§ **WORK REQUEST**
Once the line containing "Hú vía vì cây" is found, copy that line and all remaining lines of the records exactly, including the last one, and add nothing.

+++++

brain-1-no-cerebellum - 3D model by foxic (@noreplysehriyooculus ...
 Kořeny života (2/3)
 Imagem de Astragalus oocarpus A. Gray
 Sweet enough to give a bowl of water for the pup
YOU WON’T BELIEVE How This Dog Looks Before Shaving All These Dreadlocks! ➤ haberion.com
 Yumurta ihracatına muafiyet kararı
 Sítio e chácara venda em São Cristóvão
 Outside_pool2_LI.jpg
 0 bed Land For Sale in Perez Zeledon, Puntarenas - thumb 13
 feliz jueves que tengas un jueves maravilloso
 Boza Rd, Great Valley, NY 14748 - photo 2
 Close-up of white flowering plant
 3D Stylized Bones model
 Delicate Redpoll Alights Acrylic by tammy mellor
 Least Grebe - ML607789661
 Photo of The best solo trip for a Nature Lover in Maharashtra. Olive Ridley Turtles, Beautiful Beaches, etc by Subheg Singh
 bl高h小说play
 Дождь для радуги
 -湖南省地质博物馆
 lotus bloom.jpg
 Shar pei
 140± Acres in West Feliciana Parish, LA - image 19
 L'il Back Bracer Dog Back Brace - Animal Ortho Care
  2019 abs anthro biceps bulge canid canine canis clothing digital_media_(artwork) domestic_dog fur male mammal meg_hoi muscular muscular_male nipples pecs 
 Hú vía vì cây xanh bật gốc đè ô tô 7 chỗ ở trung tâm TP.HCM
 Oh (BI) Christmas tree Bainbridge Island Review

+++++

§ **EXERCISE SOLUTION**
 Hú vía vì cây xanh bật gốc đè ô tô 7 chỗ ở trung tâm TP.HCM
 Oh (BI) Christmas tree Bainbridge Island Review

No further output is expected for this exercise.